Chocolate Tart:
Ingredients:
- 200 g packet of Baker’s Nutti Crust cookies (caramel oats biscuits)
- 60 g butter, melted
- 225 g dark chocolate (use the best quality you can afford)
- 250 ml (1 cup) cream
- zest of half an orange, peeled into strips (not grated)
- about 250-500 g berries of your choice (eg. raspberries, blackberries)
Method:
- Pre-heat oven to 180 degrees Celsius.
- In a food processor, process the cookies to fine crumbs. Add the butter and process untill mixed.
- Transfer crumbs to a fluted tart tin with removable base.

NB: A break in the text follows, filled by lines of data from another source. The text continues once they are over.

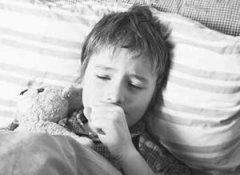 ���Ե��ճ�ע������ ���Գ�ʲôҩ��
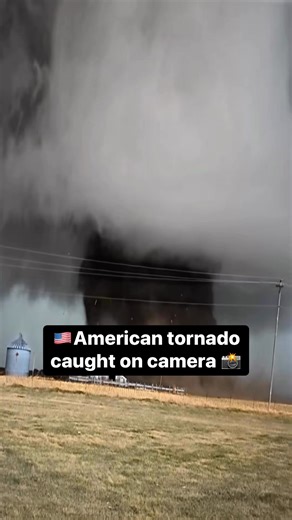 Unreleased footage in comments💬 | America Alerts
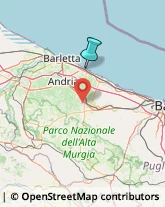 Enoteche,76125Barletta-Andria-Trani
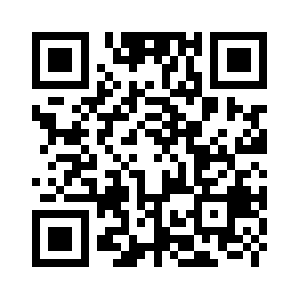 On-devicesolutions.com QR code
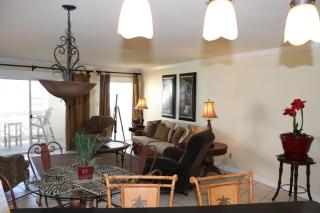 425 El Matador by Alicia Hollis Realtor Rentals - Open March 1st - 2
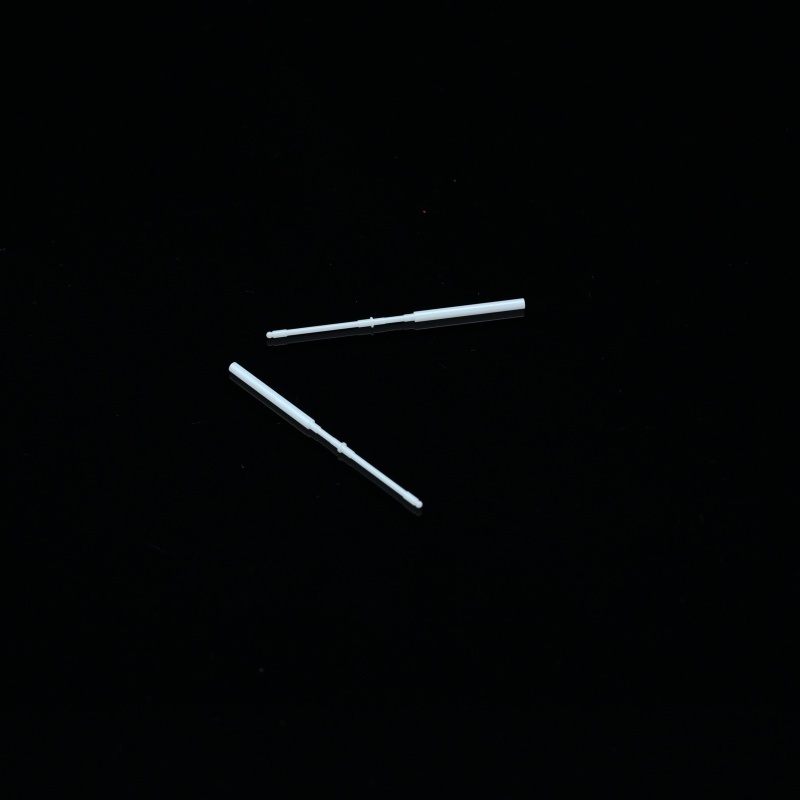 氧化锆人工心脏起搏器陶瓷件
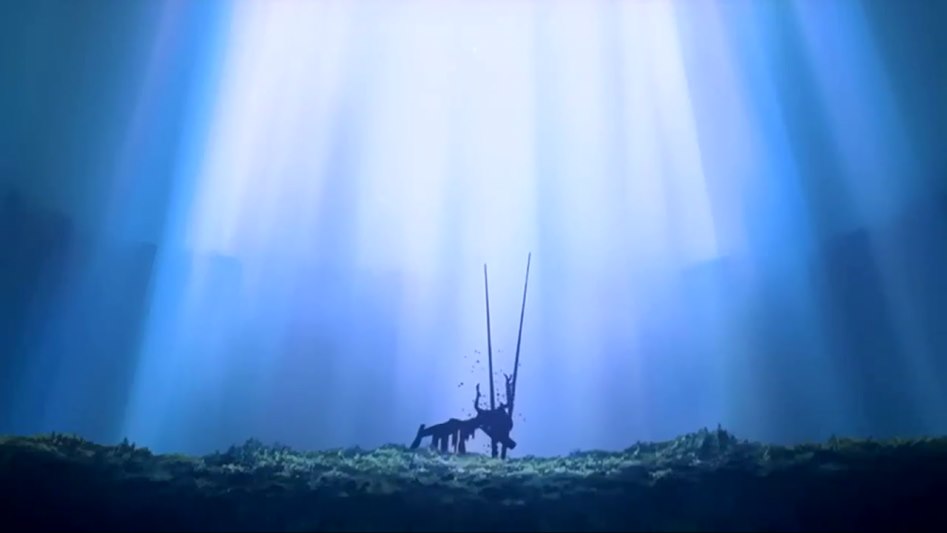 [엔드 오브 에반게리온] 환상의 비둘기 해체쇼 (혐주의)_54.png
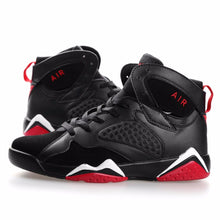 High Upper Lovers Shoes Unisex Breathable Sports Shoes Wear Resistant Outdoor Basketball Shoes Free Shipping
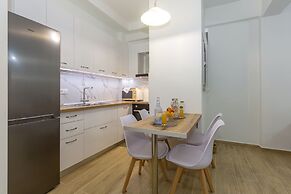 Casa Tsipa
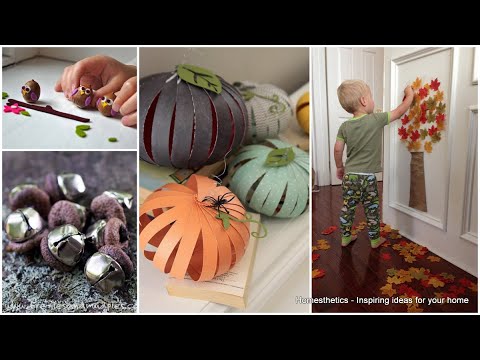 37-amazing-creative-diy-string-art-ideas-diy-craft-ideas-for-home-design-ideas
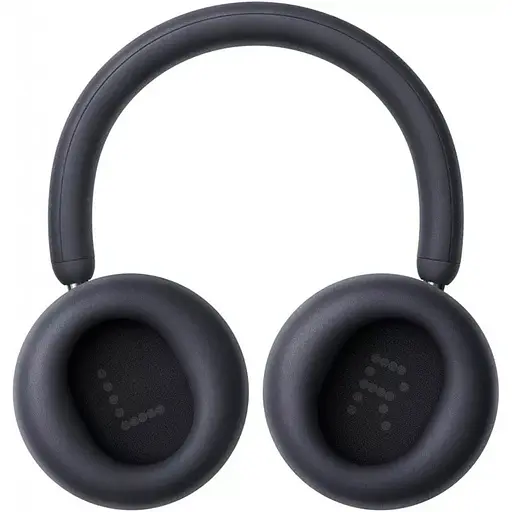 Наушники CMF by Nothing Headphone Pro Dark Grey (A11300008) [152944] - фото 3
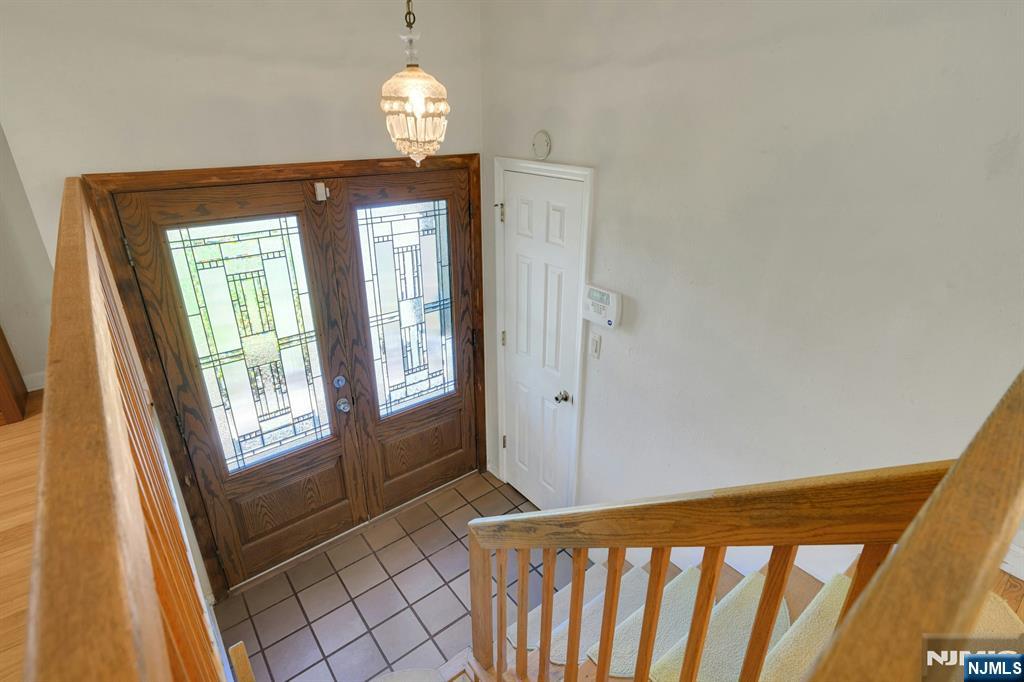 34 Bear Brook Lane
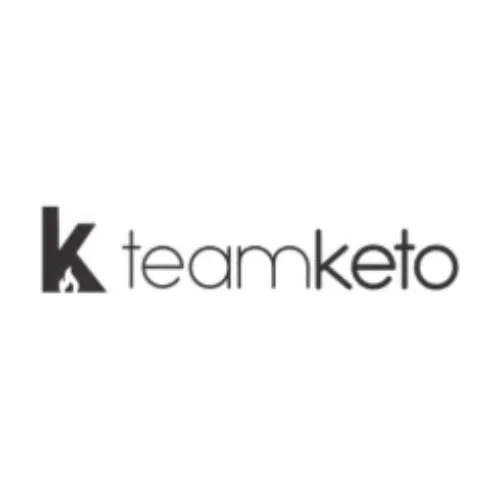 teamketo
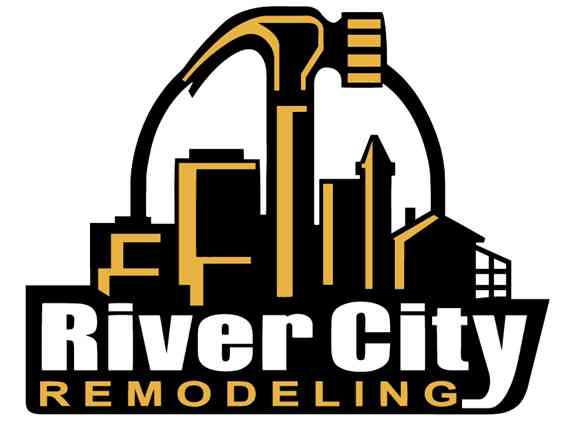 River City Remodeling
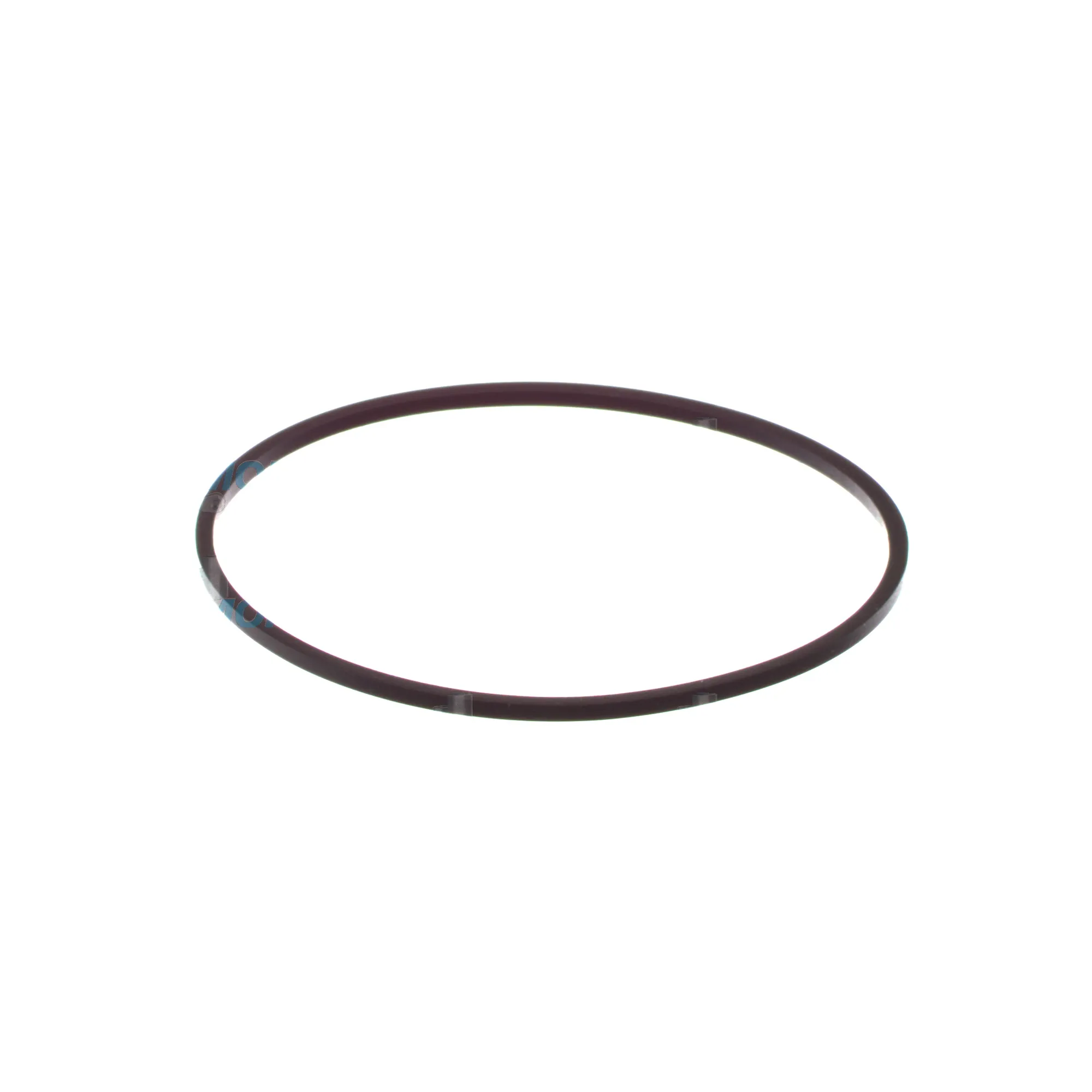 DICHTRING - 01309758 passend für Deutz Motoren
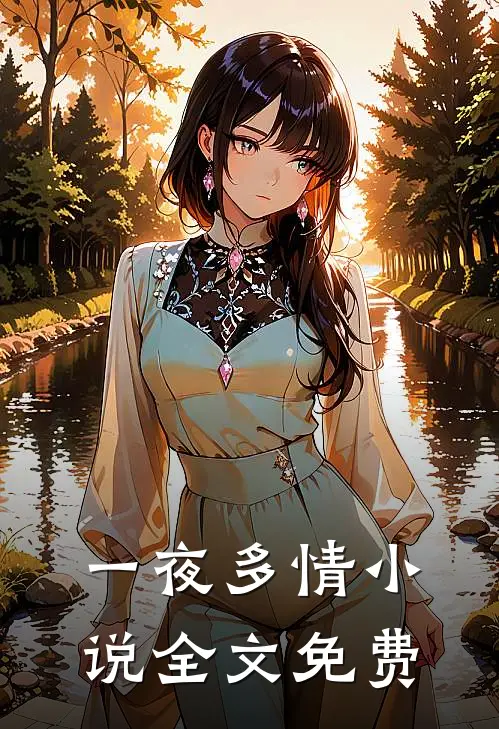 一夜多情小说全文免费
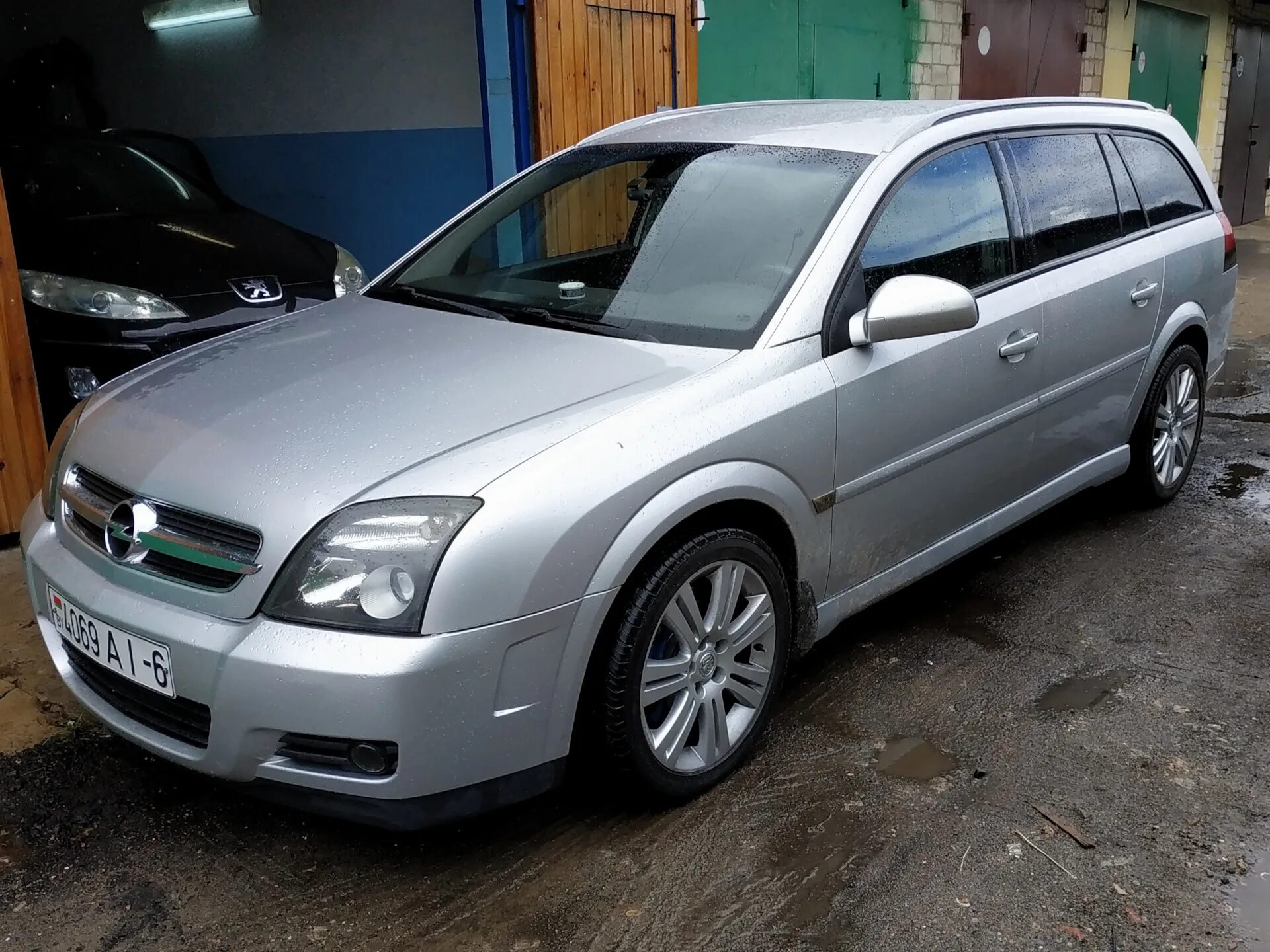 Opel Vectra c 2005. Опель Вектра ц 2005. Опель Вектра ц 2005 год. Опель Вектра 2005.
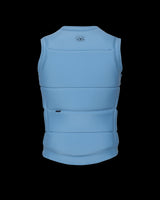 Mystic Zodiac Impact Vest Fzip Wake Women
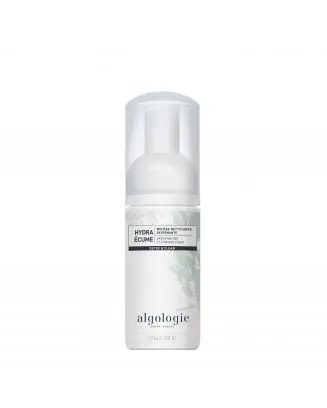 Hydra Ecume Mousse Nettoyante 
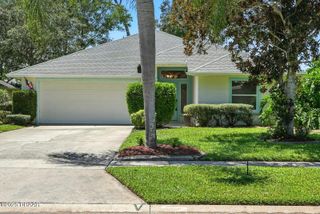 6096 Jasmine Vine Drive, Port Orange, FL 32128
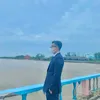 linhkun83862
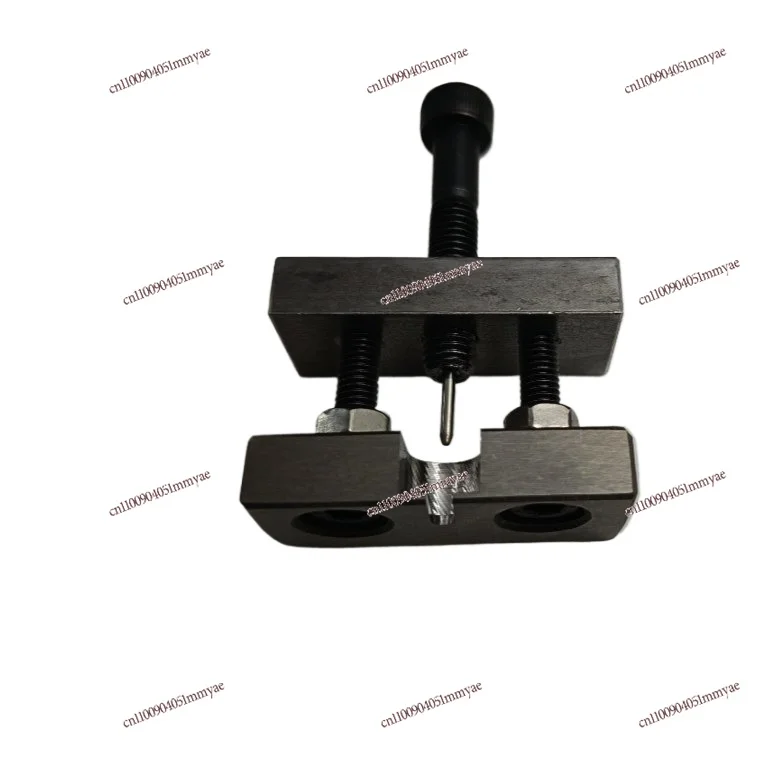 Brushless motor gear special puller tool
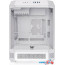 Корпус Thermaltake The Tower 600 Snow CA-1Z1-00M6WN-00 в Бресте фото 1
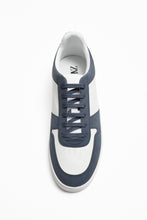 Load image into Gallery viewer, Zara CONTRAST SNEAKERS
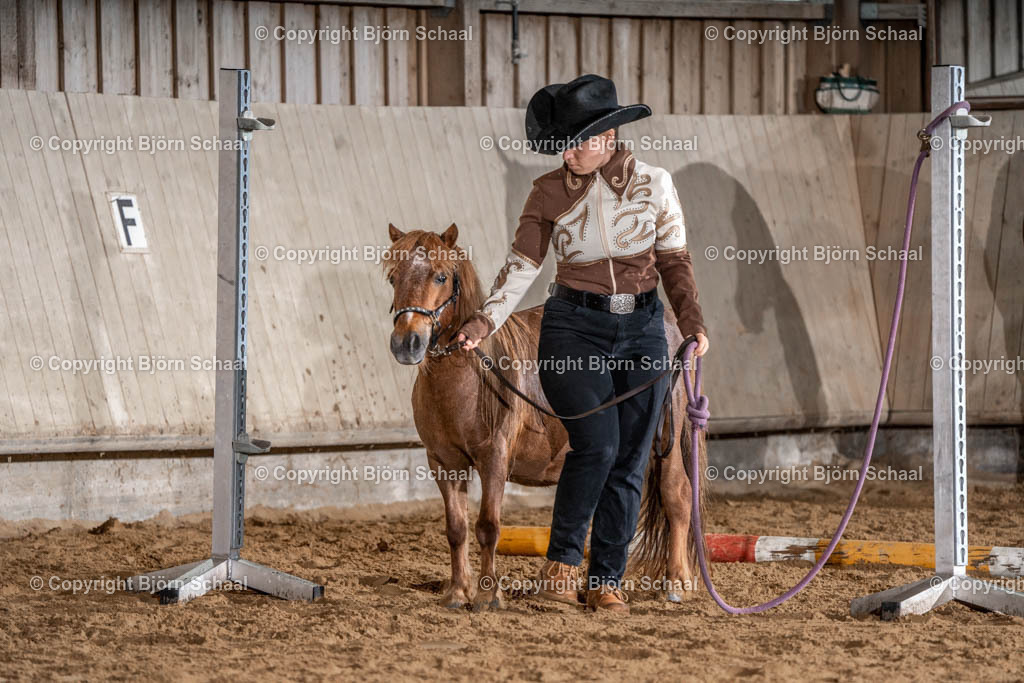 SBS03831 | BS-foto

Using a cup with a flat bottom (I use a measuring cup), flatten the crumbs on the bottom and onto the sides. Bake for 10-15 minutes untill just slightly darker in colour. Set aside to cool.
- Break the chocolate into blocks in a medium size glass bowl.
- In a small saucepan, add the cream and orange rind. Heat untill boiling point, remove from heat at once, quickly remove orange rind with a slotted spoon, then pour immediately over the chocolate. Stir with a spatula untill fully melted, smooth and glossy.
- Pour warm chocolate mixture into baked base, then chill in the fridge for 3 hours or overnight.
- Remove from fridge, carefully remove the fluted side of the tin, top with berries, and sprinkle with a little sifted icing sugar if necessary. Serve cold.